# [Problem details]
Write out the listing below character for character, though without its pictures.

# [Supplied material]
****************************************
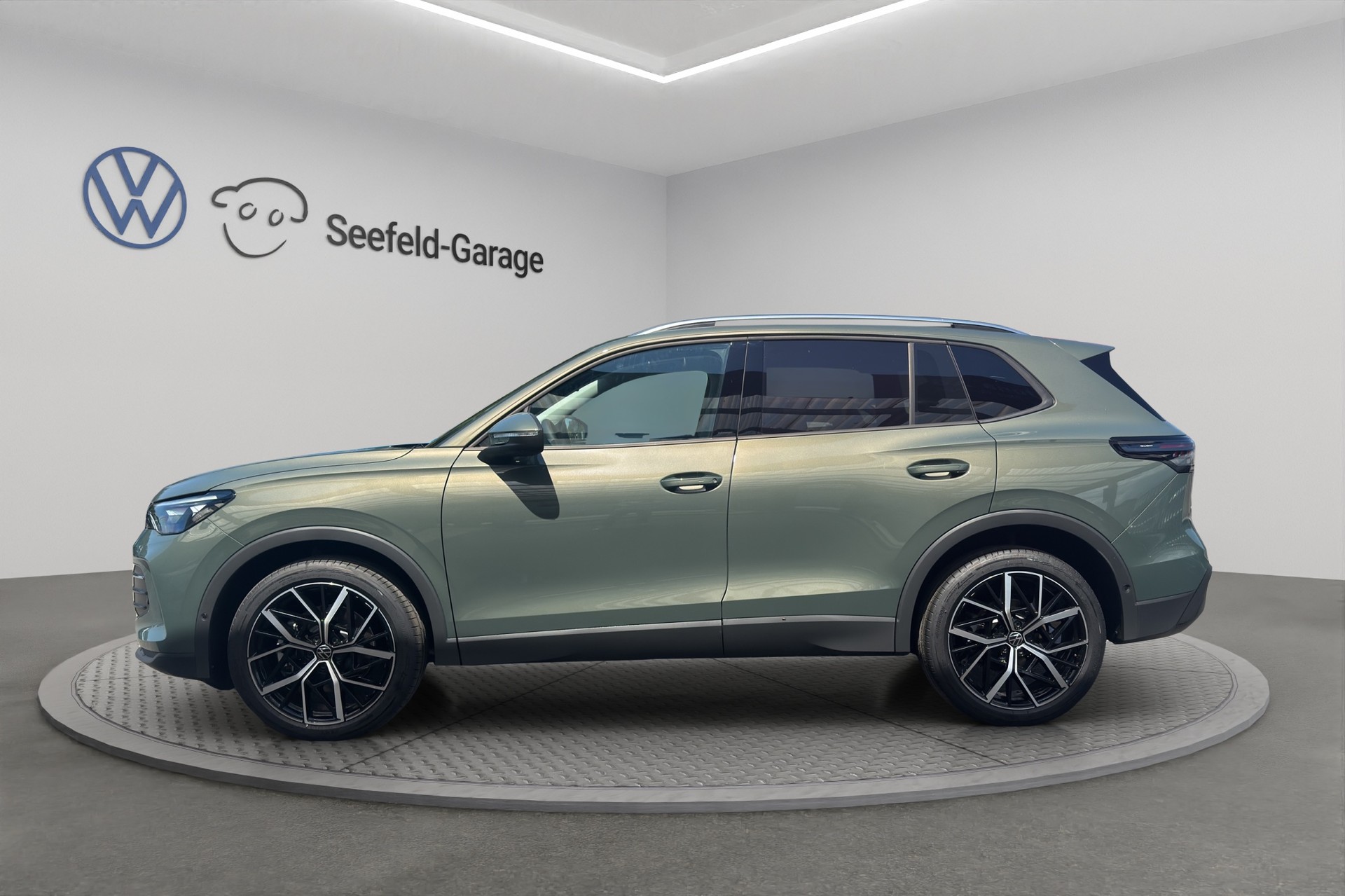 VW Tiguan 2.0 TSI DSG United 4Motion-image-2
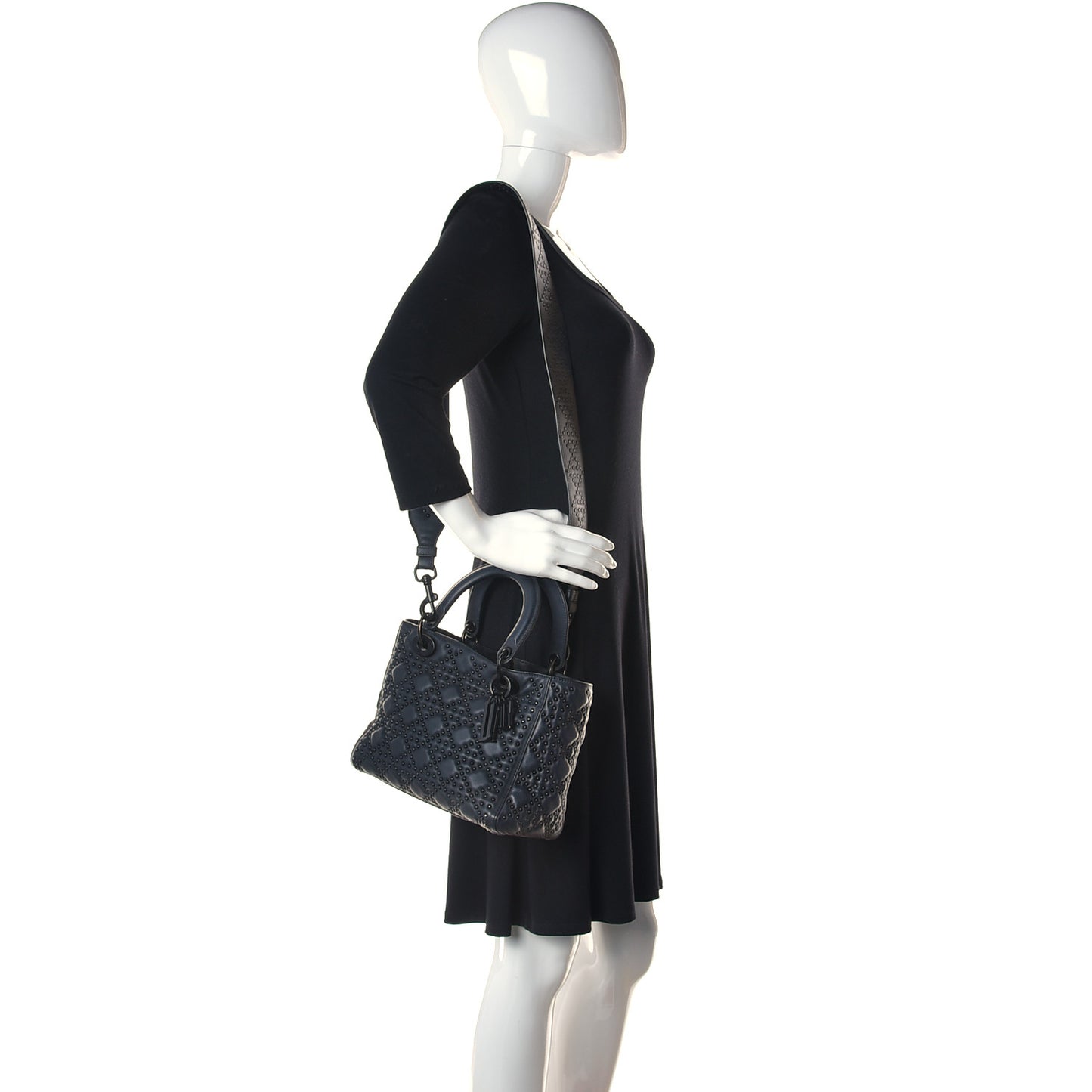UItra Matte Calfskin Cannage Studded Medium Supple Lady Dior Black
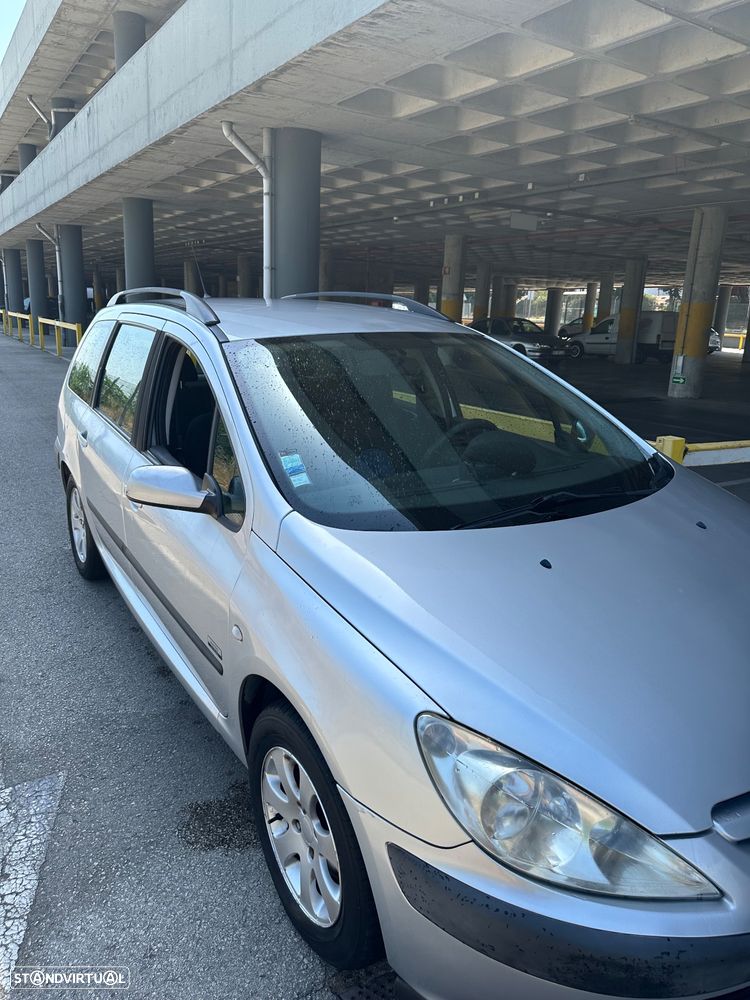 Peugeot 307 Break 1.4 16V Navtech - 10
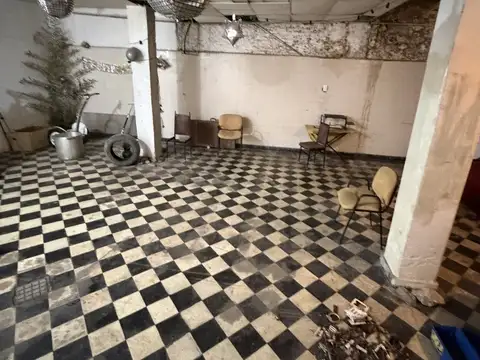 Local en Venta en Almagro, USD 130.000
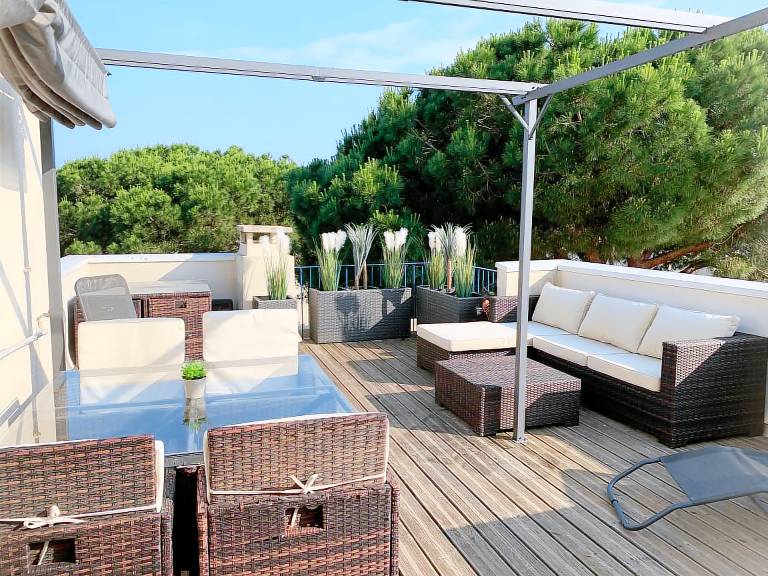 Apartment with patio & barbeque | Garden view — photo 3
****************************************
# [Response box]
 VW Tiguan 2.0 TSI DSG United 4Motion-image-2
UItra Matte Calfskin Cannage Studded Medium Supple Lady Dior Black
 Peugeot 307 Break 1.4 16V Navtech - 10
 Local en Venta en Almagro, USD 130.000
 Apartment with patio & barbeque | Garden view — photo 3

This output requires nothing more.